The city’s last cobblestone house is safe from demolition for now, as the city plans to accept an offer from the property’s owner to donate it to the Rochester Land Bank Corporation.
The Lockwood-Alhart House is a nearly 200-year-old building attached to a small strip mall located at the corner of Grand Avenue and Culver Road.
Arthur Kirsch of Long Island bought the house in 2006, and in the years since the property has deteriorated. Its roof is crumbling, the doors are boarded up, and rats and pigeons have made it their home. Kirsch had said he planned to demolish the house, although he had not yet applied for a permit to do so.
After the Land Bank acquires the property, the city will solicit proposals to rehab the house, Mayor Malik Evans said. He gave no timeline for the process aside from saying the process should “move quickly.”
“As the Wolf said in ‘Pulp Fiction,’ ‘I solve problems,’” Evans said during a news conference held on the house’s freshly mowed yard. “And this is one of many problems that came across my desk.”
Councilmember Mitch Gruber said that the city has been concerned for some time about the state of the building and that “as soon as there was an opportunity for the administration to get involved and for Council to get involved, we moved quickly.”
But the plan to acquire the building did not seem to be under consideration by the city as recently as nine days ago.
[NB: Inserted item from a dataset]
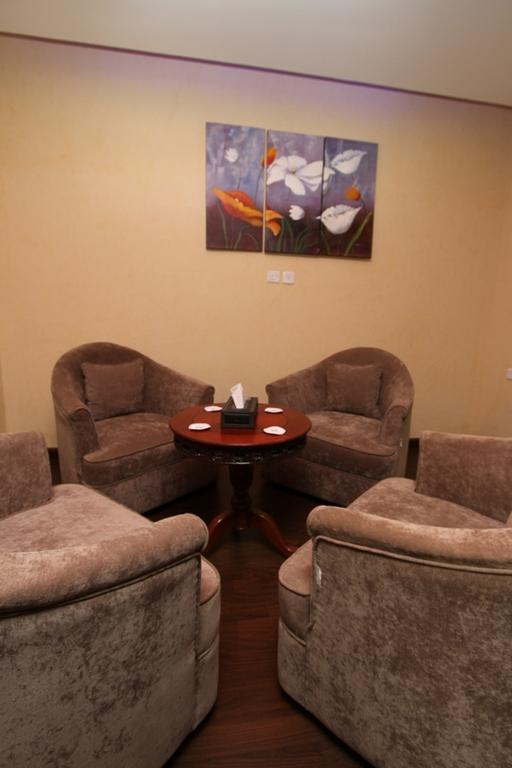 Raoum Inn Arar Exterior photo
Last week, WXXI News reported on the declining state of the Lockwood-Alhart House and the owner’s plan to demolish the house so the site could be used as a parking lot for the adjacent Dollar General. Kirsch outlined that plan in a July court filing he submitted in response to a city lawsuit against him that sought to compel him to address more than two-dozen code violations.
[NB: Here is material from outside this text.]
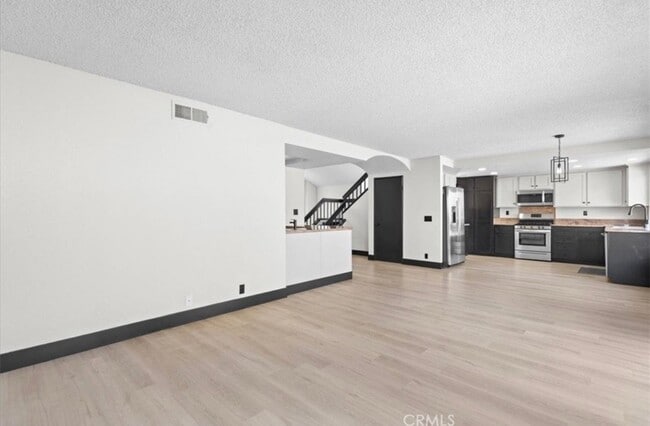 Photo - 120 Sandpoint Ln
The revelation that the house could be razed sparked outrage among community members and led to a petition calling on the city and the owner to somehow save the property.
At the time, City Hall’s top lawyer, Linda Kingsley, said the city had no plans to acquire the property and that if Kirsch were to ask for a demolition order, officials would have no reason not to grant it.
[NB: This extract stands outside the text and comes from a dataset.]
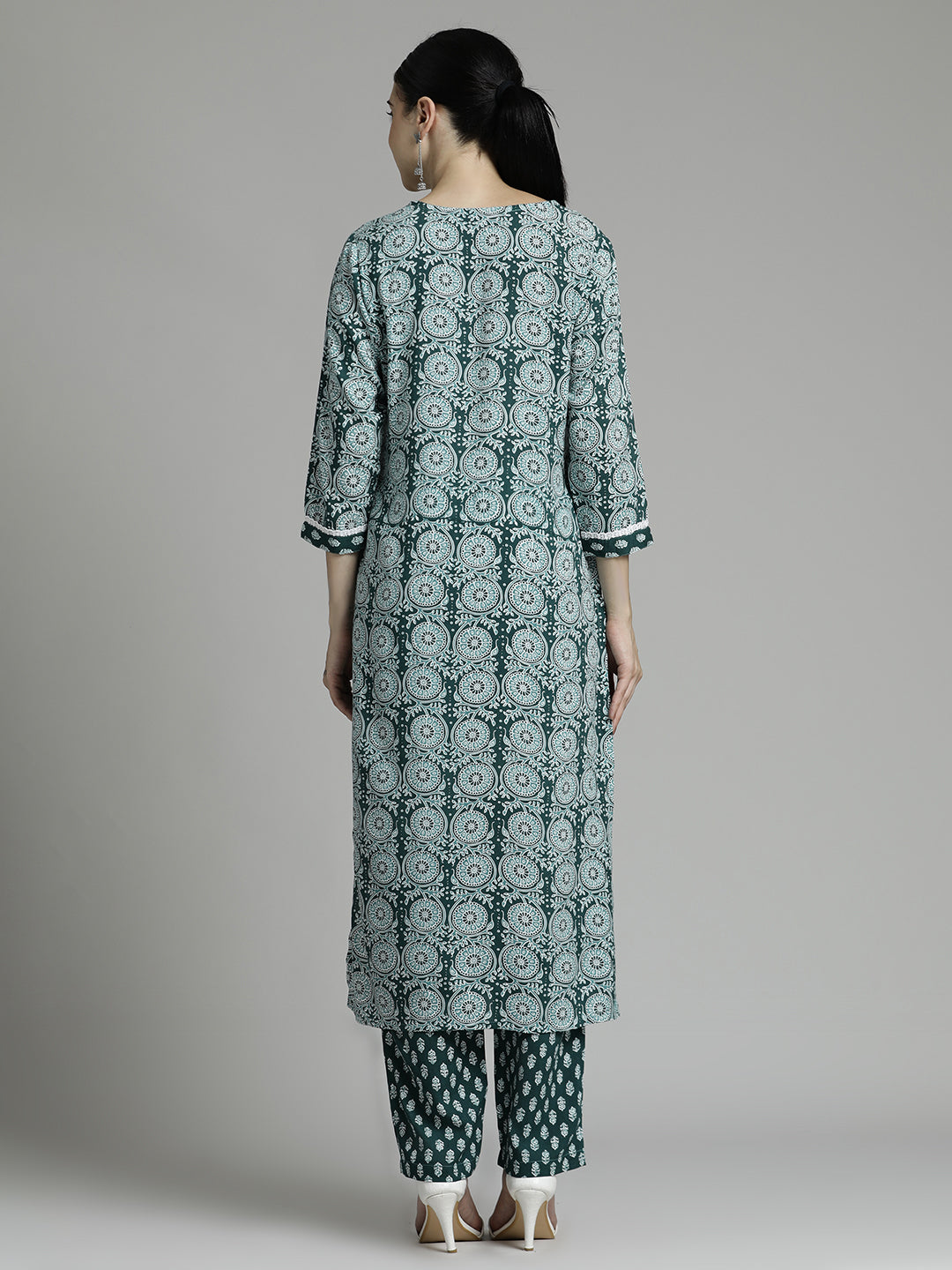 Ethnic Floral Printed Kurta Set With Tie-Dye Dupatta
Likewise, city Commissioner of Neighborhood and Development Dana Miller said the only reasonable, if unlikely, path forward for the house was for a wealthy benefactor to step in, purchase the house and renovate it.
But in an interview with Kirsch, he told WXXI that he was willing to donate it to the city. It was an option where he could wash his hands of the liability and get a tax write-off, while the city could take on the burden of restoring the building.
Kingsley, in an Aug. 22 interview, said this was not an option previously considered by city officials.
“First of all, we’re just hearing about this,” Kingsley said during that interview. “But we are generally not in the business of doing this kind of thing ourselves. This is the kind of thing a developer would engage in or a not-for-profit would engage in.”
Evans said the city and Kirsch started having conversations last week and said that city officials were “excited” when the donation became a possibility.
The cost of overhauling the building is unclear at this time.
Evans said the city is also seeking to have the property recognized as a historical landmark.